THE Director of Public Prosecutions has defended the decision to prosecute former Commons’ deputy speaker Nigel Evans over a string of sex offence charges, saying victims of such offences do not always consider themselves victims.
Alison Saunders defended the Crown Prosecution Service’s handling of the case against the Conservative MP for Ribble Valley after a jury unanimously cleared him of nine sexual allegations, including one of rape.
His trial had heard that three of his seven alleged victims did not consider an offence had been committed against them, a fourth “had a bit of a giggle” about Mr Evans’ supposed sexual assault on him, while a fifth man wanted to withdraw his allegation as he did not want the MP to be questioned about “a drunken misunderstanding”.

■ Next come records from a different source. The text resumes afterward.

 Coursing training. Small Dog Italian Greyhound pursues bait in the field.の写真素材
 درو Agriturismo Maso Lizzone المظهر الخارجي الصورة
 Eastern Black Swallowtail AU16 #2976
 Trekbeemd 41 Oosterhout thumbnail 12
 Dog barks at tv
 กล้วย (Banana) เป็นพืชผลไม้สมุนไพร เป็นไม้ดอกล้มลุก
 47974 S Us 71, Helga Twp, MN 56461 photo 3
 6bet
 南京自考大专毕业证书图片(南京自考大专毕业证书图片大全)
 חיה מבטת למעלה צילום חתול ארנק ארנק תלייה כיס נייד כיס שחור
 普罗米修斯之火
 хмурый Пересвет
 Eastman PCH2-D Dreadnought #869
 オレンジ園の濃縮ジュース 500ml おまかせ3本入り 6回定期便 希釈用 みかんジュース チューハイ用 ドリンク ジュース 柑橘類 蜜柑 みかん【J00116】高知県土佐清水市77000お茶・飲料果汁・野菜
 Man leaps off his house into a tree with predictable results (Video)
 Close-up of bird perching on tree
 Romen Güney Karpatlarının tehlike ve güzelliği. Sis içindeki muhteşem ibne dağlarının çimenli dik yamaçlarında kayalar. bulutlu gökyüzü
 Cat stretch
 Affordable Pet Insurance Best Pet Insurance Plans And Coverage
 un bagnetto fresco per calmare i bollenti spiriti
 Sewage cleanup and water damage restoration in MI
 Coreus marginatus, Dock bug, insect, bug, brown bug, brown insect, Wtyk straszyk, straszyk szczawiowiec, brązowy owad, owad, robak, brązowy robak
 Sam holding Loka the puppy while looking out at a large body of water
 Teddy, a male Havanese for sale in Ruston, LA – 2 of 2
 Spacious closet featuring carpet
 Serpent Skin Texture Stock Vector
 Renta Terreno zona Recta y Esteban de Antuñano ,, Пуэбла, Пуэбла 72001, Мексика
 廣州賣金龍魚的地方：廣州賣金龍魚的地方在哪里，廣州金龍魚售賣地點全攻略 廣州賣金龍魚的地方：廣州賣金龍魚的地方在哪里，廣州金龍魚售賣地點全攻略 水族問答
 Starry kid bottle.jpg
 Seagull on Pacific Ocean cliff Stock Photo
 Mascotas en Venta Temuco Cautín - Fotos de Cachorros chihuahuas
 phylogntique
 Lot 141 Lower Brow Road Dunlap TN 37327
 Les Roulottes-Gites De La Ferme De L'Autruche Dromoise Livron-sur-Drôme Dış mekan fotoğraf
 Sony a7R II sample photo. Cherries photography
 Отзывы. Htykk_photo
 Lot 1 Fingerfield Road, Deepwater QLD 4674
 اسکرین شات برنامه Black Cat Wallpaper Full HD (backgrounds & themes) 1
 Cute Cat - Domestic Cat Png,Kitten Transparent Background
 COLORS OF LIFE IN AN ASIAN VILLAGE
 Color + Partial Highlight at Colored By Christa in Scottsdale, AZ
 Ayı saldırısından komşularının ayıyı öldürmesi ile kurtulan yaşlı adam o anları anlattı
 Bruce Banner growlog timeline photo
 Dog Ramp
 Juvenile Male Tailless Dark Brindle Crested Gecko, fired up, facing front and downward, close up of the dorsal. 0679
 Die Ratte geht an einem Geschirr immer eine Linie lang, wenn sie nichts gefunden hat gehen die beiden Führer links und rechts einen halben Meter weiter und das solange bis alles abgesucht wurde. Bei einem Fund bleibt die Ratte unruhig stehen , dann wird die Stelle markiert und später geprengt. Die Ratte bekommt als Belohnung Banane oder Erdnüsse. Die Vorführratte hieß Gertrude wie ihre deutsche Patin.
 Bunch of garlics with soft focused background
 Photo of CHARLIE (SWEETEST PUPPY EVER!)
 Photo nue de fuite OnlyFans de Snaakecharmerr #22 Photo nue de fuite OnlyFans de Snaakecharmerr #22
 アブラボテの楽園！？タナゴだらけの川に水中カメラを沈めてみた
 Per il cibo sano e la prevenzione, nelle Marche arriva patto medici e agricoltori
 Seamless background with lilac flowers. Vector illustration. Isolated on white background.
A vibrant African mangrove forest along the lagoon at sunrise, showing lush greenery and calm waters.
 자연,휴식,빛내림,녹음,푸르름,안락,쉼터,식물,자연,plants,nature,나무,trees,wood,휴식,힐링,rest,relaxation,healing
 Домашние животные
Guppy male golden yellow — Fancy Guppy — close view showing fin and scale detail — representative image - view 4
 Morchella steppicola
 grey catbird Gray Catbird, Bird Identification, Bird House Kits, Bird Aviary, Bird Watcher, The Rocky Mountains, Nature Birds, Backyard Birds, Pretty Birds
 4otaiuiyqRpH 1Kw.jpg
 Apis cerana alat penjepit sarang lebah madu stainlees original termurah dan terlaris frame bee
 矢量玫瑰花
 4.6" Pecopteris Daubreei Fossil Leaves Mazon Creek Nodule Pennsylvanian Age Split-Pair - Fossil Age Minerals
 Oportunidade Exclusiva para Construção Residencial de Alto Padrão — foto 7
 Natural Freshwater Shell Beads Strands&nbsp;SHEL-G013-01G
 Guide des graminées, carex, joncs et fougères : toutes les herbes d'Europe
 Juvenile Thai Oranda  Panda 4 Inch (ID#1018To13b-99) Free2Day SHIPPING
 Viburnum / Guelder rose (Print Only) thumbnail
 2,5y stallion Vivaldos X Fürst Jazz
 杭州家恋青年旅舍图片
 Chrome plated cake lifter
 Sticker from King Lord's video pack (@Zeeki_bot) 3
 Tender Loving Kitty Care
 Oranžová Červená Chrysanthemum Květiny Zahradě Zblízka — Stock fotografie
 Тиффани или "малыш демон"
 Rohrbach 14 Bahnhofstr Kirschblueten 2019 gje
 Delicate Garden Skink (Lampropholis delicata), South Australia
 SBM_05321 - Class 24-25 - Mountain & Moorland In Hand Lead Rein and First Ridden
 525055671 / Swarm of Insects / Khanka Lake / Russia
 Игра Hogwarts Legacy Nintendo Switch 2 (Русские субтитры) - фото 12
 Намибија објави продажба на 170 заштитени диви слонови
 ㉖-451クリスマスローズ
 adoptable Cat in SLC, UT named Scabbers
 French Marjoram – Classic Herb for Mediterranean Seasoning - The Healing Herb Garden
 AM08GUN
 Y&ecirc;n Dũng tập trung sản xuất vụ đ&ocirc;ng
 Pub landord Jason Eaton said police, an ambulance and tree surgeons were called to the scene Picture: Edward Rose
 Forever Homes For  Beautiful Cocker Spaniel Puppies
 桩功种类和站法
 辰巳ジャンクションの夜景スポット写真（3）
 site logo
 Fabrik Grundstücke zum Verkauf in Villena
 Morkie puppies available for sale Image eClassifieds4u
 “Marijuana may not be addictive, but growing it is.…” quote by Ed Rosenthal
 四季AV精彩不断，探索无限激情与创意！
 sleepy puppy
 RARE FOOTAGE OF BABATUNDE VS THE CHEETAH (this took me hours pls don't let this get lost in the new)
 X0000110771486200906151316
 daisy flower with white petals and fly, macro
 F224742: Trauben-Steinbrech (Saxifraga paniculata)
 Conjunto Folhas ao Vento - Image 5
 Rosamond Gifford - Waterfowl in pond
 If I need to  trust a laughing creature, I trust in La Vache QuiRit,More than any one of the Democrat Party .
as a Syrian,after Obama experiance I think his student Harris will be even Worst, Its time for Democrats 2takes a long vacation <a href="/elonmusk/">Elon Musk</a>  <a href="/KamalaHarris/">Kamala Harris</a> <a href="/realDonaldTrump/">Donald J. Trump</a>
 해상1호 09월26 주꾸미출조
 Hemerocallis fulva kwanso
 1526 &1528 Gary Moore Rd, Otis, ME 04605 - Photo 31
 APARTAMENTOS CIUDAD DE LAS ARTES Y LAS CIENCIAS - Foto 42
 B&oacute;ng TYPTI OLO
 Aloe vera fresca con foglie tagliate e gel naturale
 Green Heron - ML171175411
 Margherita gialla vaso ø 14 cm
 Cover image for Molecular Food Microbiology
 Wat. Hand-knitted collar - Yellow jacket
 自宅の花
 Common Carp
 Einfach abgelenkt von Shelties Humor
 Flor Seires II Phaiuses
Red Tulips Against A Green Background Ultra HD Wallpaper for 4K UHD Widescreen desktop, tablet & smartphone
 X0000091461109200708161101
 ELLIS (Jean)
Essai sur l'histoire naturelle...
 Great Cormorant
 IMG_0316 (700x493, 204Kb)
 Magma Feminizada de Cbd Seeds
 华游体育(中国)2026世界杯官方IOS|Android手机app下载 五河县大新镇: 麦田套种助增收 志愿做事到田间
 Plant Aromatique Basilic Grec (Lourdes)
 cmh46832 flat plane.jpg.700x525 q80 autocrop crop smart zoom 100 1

Fellow MPs flocked to his defence following the verdict, and called for the CPS to face serious questions over their handling of the case.
Ms Saunders defended the decision to prosecute the case, saying the CPS did not take “weak” cases.
She said decisions to prosecute are normally based on police documents and video interviews, saying “evidence is tested in court in a way in which we are not able to when we make our decision”.
She continued: “Also what we do know, and there is evidence from Barnardos and others that shows this, is that victims themselves may not always think of themselves as victims, it rather depends on the relationship they are in with their alleged abusers, so if someone is in a position of power, or perhaps we have seen it in grooming cases where victims think they are not victims because their abusers love them and take care of them.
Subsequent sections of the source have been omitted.